Nine Rupees an Hour: Disappearing Livelihoods of Tamil NaduAparna Karthikeyan
261 pages|Rs 399
A world driven by ‘big’ ideas—growth, development, globalisation, nationalism—unavoidably creates a trail of human and material debris in its wake. Whereas the big ideas are championed and held aloft by state and corporate interests, counter-narratives—on the lives destroyed by such dominant forces—have been few and far between. In recent years, however, we’ve heard and read powerful first-person accounts from, among others, victims of a nuclear accident, survivors of the horrors of Partition, and minority women whose lives were rent asunder by communal riots. Nine Rupees an Hour by Aparna Karthikeyan, an exploration of vanishing livelihoods in Tamil Nadu, is the latest addition to this emerging branch of narrative journalism.
In the book, the author covers ten occupations in rural and semi-urban Tamil Nadu that would most likely become unviable in the near future. Four are related to farming and the remaining are artisanal or involve the practice of performing arts in the folk tradition. Each occupation is marked by a wealth of traditional knowledge and skills, arduous toil and uniformly bleak economic prospects. The stories of these declining livelihoods are essentially crafted as narratives centred on an individual, family or group in a particular setting, and on their current struggles in the pursuit of a vocation that, for a host of reasons, may not survive into the next generation.
In each story, the author brings us the historical background of the vocation that throws some light on its current predicament. In a story on palm tree tapping, we learn about the origins of the palm tree as well as the practice of the occupation during the colonial period. The caste-based nature of most occupations listed in the book and the stigma attached to palm tree tapping because of the association with toddy are also highlighted. Sickle-making in the present is placed in a historical continuum of iron implements made and used in the Sangam period and references to the sickle in Periyapuranam, a work of Bhakti literature from the 12th century. A discussion of Bharatanatyam leads to sadir, a dance form practised by the devadasis for centuries and appropriated in the early 20th century by the Brahmins.

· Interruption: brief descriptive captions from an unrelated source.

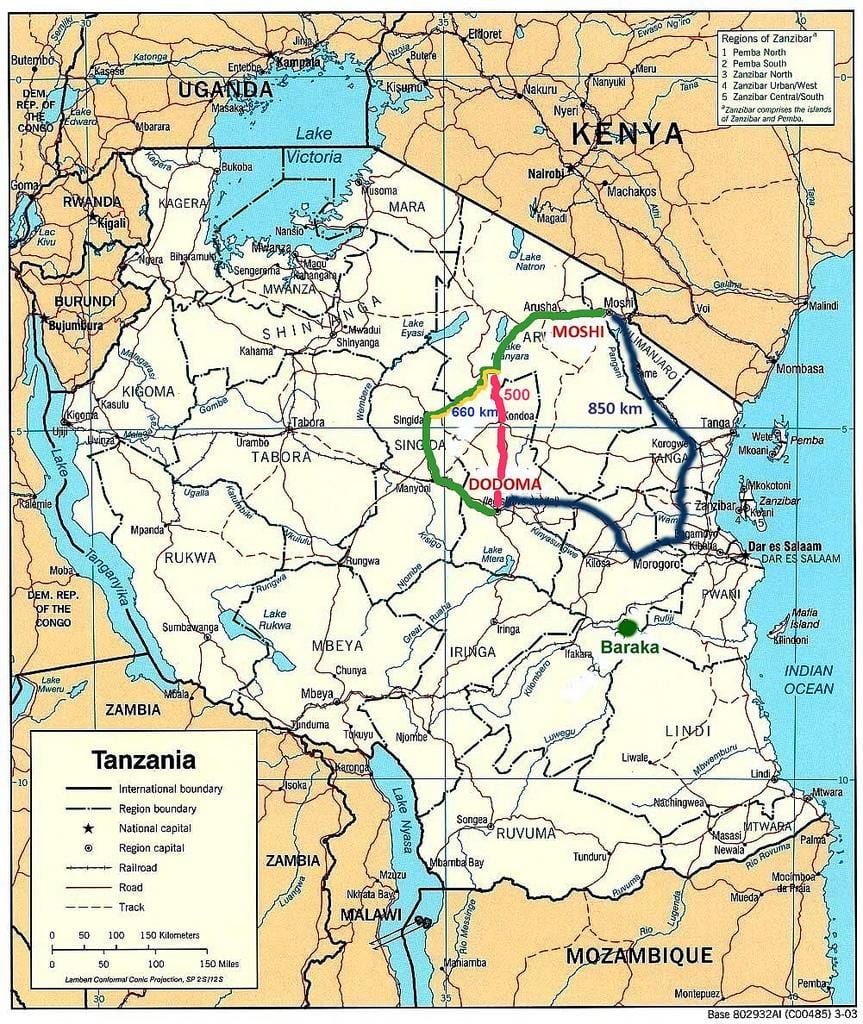 tanzanijoje kelių tinklo žemėlapis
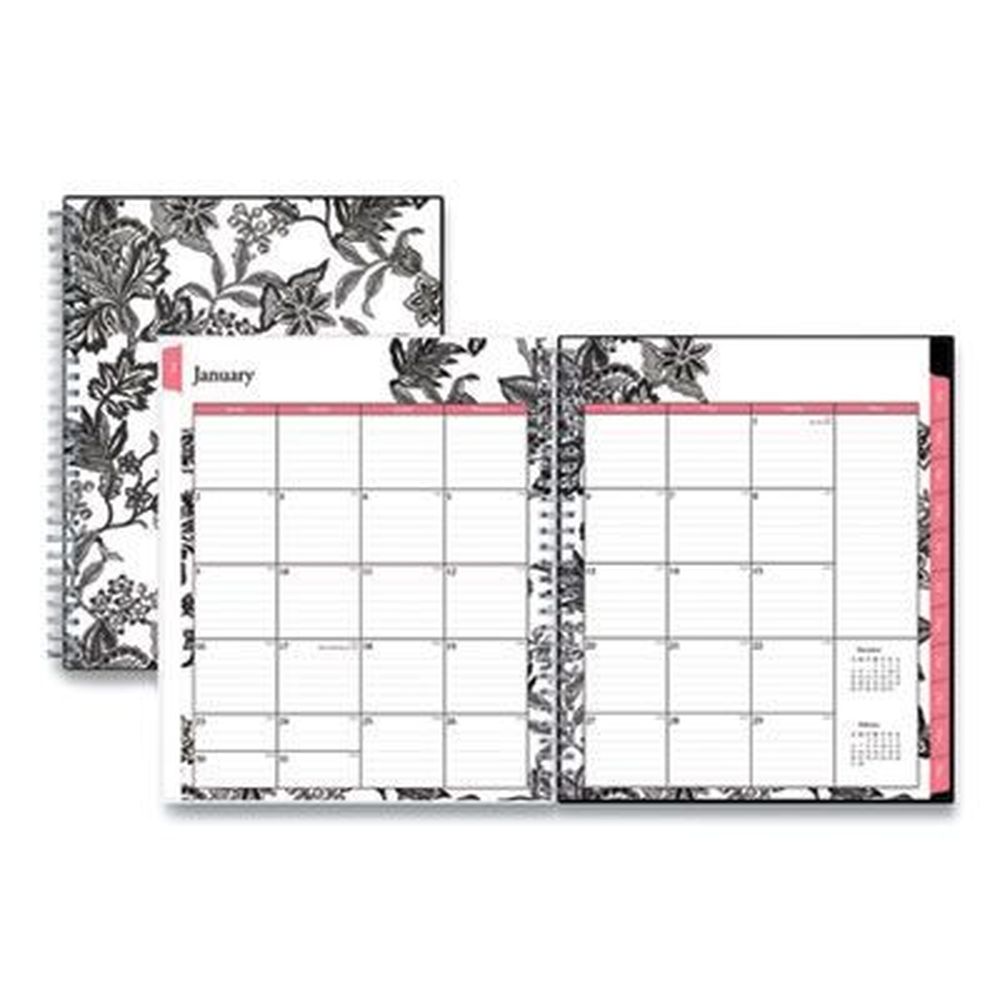 Blue Sky Floral Artwork 12-month Jan To Dec 2023 Analeis Monthly Planner With White/black/coral Cover, 10 X 8 Inch
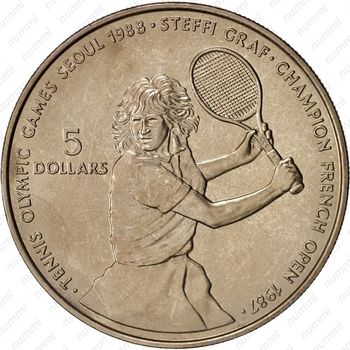 5 долларов 1987, Штеффи Граф [Австралия] - Реверс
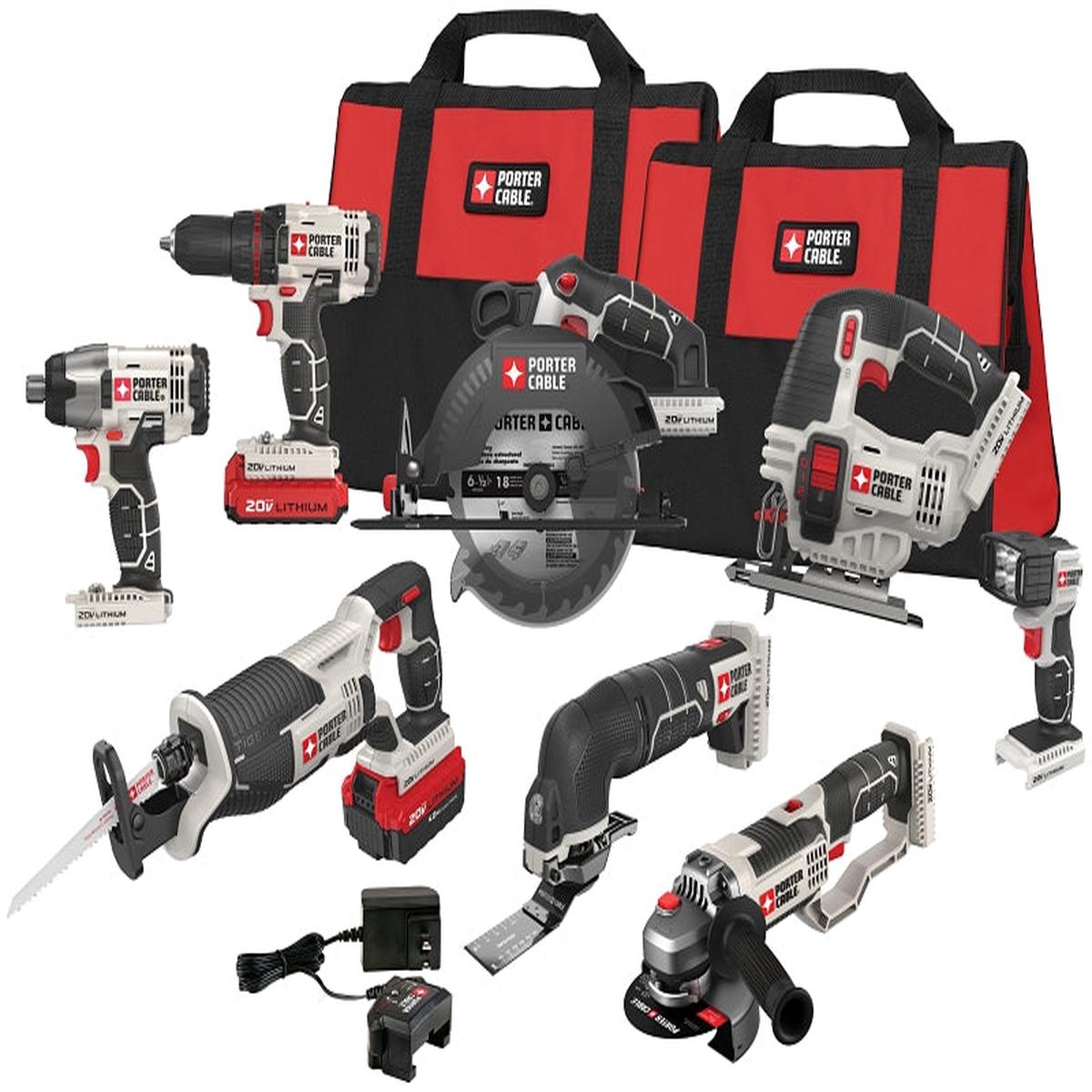 Porter-Cable PCCK619L8 Combination Tool Kit, Battery Included, 1.5, 4 Ah, 20 V, Lithium-Ion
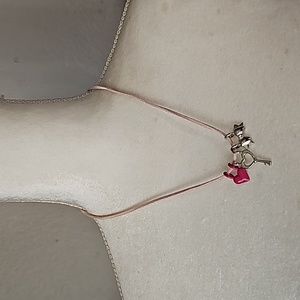 Metal Charm Leather Necklace 22 Inches Box B/20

Handloom weaving in Kancheepuram, a major centre of learning by the 7th century, goes back more than a thousand years. The sense of loss evoked by references in the book to the history of these traditions is immeasurable.
The author is equally attentive to the process and materials involved in each occupation. For example, her description of how the different parts of a nadaswaram are made is both elaborate and precise at the same time: the main cylindrical pipe from seasoned Indian blackwood and the flared bell at the end from rain tree timber, both turned on a lathe, and the mouthpiece, which is made by hand from reeds. Similarly vivid descriptions are provided for every trade, drawing the reader deep into each story and building respect for the occupation without being patronising.
The economic viability of each trade is examined not just from a financial perspective, the nitty-gritty of costs and prices, but also in terms of branding and distribution, institutional support for financing and promotion, availability of infrastructure and training, and, where relevant, patronage from the communities and ancillary employment opportunities—like teaching for dancers.
Social conditions constitute an important factor in determining the viability of these livelihoods. A formally trained Bharatanatyam dancer from a subaltern community is bound to face discrimination in a domain that’s maintained as an exclusive preserve of Brahmins. A woman who cultivates flowers for selling in a nearby city will find harvesting them alone in the middle of the night and carrying the load to the local collection point impossibly difficult solely because of her gender. Female performers of folk dances will have to overcome discouragement from family and community to pursue their art and an attendant lifestyle. Caste and gender are issues that recur throughout the book.
What makes the book remarkable is the author’s extraordinary talent for telling stories that engage and enrich from beginning to end. She handles each embattled individual with deep empathy, letting them speak in their own voices without intruding on them. The language she uses for describing terrains, locales, methods or people is always vivid and precise. She is also insightful about the web of causality that binds an individual or community to their circumstance and leads them to an inexorable fate.
Brief interviews with a few experts on key factors affecting the trades—public policy, groundwater, banking finance and certification—are a useful supplement to the reportage. However, the ideological exposition and critique offered in interviews with P Sainath and TM Krishina, though well-intentioned, could have been more rigorous and representative. For instance, the dual-economy theory of development, centred on the transition between agriculture and industry, went out of fashion 40 years ago. We are now in the neoliberal era that wilfully pays scant attention to issues of employment and social welfare. Similarly, even at the level of discourse, we need to go beyond Krishna’s pet theories on ‘reshaping art’, and hear directly from subaltern communities on their conception of art and its expression in relation to their lives. The book would have been served better by well-researched, coherently argued essays by the author in the place of these interviews.
Nine Rupees an Hour may not succeed in reversing the pitiless course of history, and ‘make whole what has been smashed’. However, as a counter-narrative of our times, it can add to our collective memory and shape public conscience in the times to come. And that possibility is a testimony to its value and triumph.